Chicago


In 1924 Chicago, Belva Gaertner, a cabaret singer, allegedly shot a man in her car. Less than a month later, Mrs. Beulah Annan killed a man who “tried to make love to her” then played a foxtrot record for two hours. Both were acquitted after trials which were covered extensively in the local press, notably by Chicago Tribune journalist Maurine Watkins, who eventually adapted her tongue-in-cheek reports into a book and a play. This led to three film versions, a 1928 DeMille production, a 1942 Ginger Rogers vehicle and now this big Miramax movie, which mostly takes off from the 1975 Broadway musical created by legendary choreographer Bob Fosse and composers John Kander and Fred Ebb. Now that’s a lot of source material and back-story, but how does the actual film fare on its own?

(wild bebop beats kick in)

5, 6, 7, 8
“Chicago” is taking over the state!
Don’t you…

Aaah, screw it. I was gonna write this review as a song, but by now half the critics are probably doing the same thing. And as I’m hardly passionate about the film (and a lazy, lazy man more often than not anyway), I’ll just get to the point. All this Oscar buzz, “catch the phenomenon”, Best Picture of the Year! buzz is wildly out of proportion. Is “Chicago” fun? Kind of, but no more than Showgirls, to which it’s surprisingly similar. Dumb blonde wants to be a star dancer in big stage shows, she butts heads with a bitchy brunette, spastic dancing and rampant amorality ensue. Add a bunch of murders, musical numbers and a big trial scene and you’ve got “Chicago”.
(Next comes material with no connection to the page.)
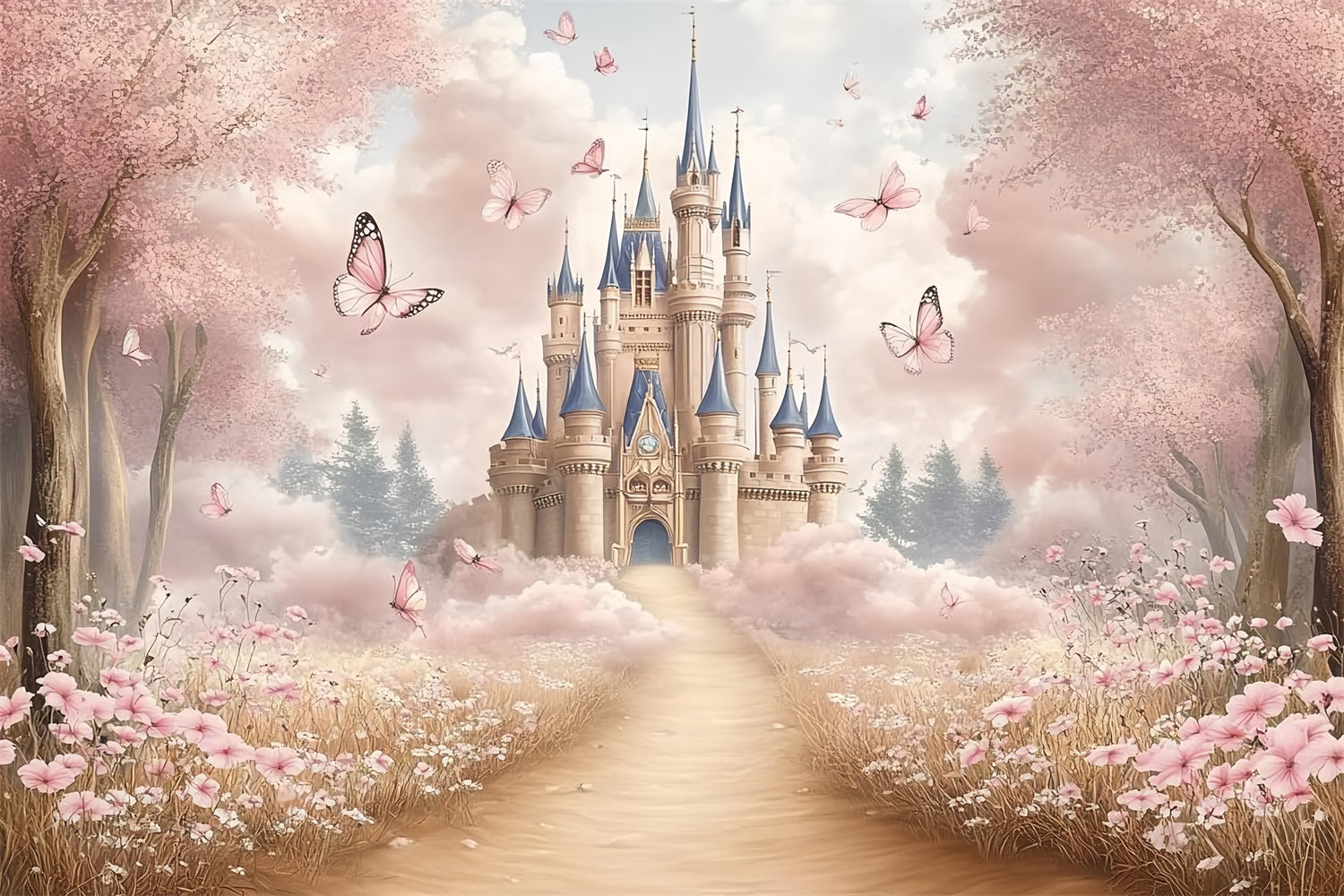 Princess Castle Backdrop Fantasy Garden Backdrop CSH4-328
It’s not that I’m against over-the-top frivolity or musicals in general. I did put Moulin Rouge! at the top of my Top Ten last year, and I love all those classic MGM musicals. But while those had an endearing sense of Technicolor innocence and incredibly graceful dancing by geniuses like Gene Kelly and Fred Astaire, “Chicago” chokes on its own cynicism and while Catherine Zeta-Jones is awesome in a supporting role, the leads are disappointing. Richard Gere is as stiff as ever as sleazy lawyer Billy Boyd, and as adorable as Renee Zellweger can be when she plays the ditzy girl-next-door, a star she is not. She’s not much of a singer or a dancer and she just doesn’t have that incendiary charisma that would make her numbers come alive. She’s not even attractive, she’s way too skinny, she’s more like a teenage boy than a woman. I found her much sexier in Bridget Jones’ Diary, personally.
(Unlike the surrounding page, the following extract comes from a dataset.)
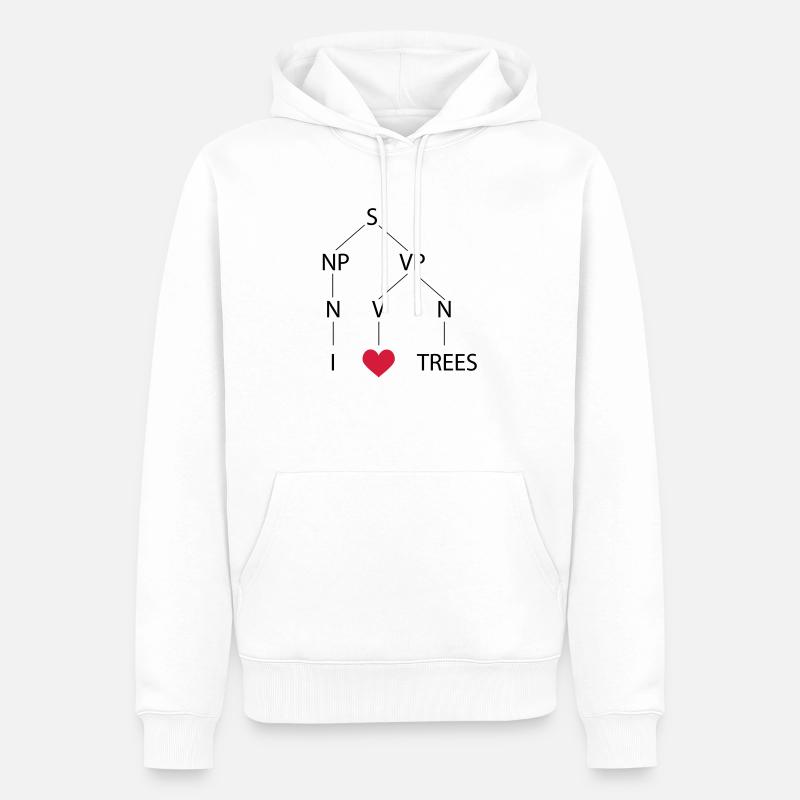 Syntaxbaum - Männer Premium Bio Hoodie - Weiß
Rob Marshall’s film is loud and brash, but not particularly inspired. There’s incisive satire of the justice system, the media and showbiz somewhere in there, but even the biggest “Chicago” fans must admit that it’s rather thin. At least they can revel in songs they love… Me? Not so much. Quasi-jazzy ‘20s-style show tunes are not my cup of tea, and while “Cell Block Tango” and “They Both Reached for the Gun” are pretty catchy, you won’t see me running to buy the soundtrack album. For all its pretensions of “razzle-dazzle”, most of “Chicago” is actually hohum-humdrum.